We’ll close our NAMM coverage with a “state of play” article. Because bubbling underneath the relentless new product releases at NAMM 2015, deeper forces are at work – forces that are really going to shape the DJ industry over the coming years. We’ve spoken to face to face with over 50 companies over the past week, and trends are emerging about how this industry will look in one, two or five years’ time. Here are five big talking points:

Five NAMM talking points

1. Serato is dominating mainstream digital DJing

Serato
With more and more controllers working with Serato, are the bigger hardware companies going to feel their competitive advantage is being eroded and act? Pioneer has arguably already done just that…

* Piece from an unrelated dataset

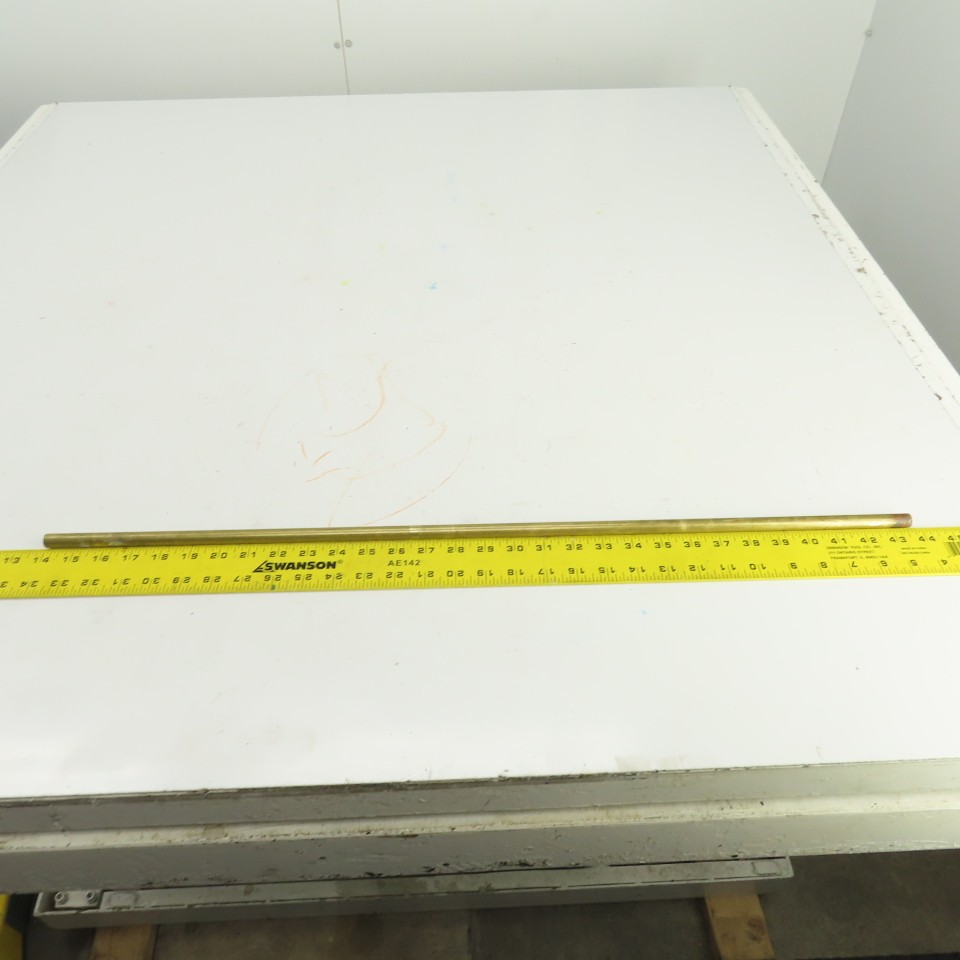 1/2″ Solid Brass Round Bar Stock 29-1/2″ OAL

It’s true – Serato is everywhere. How Serato has achieved its current dominance is a product of clever partnerships and sheer hard work, but there’s a built-in fault-line that is likely to fracture, at least a little, at some point. Let’s dig deeper:

In DJ software, one extreme is Traktor, a more and more fiercely “walled garden”, whose software is increasingly intended for use with its own small choice of hardware (and an equally small choice of Pioneer pro gear). Hence no new “Traktor gear” as such on show at NAMM. Meanwhile, at the other extreme is Virtual DJ, software that work pretty well with absolutely anyone’s systems, with or without official endorsement.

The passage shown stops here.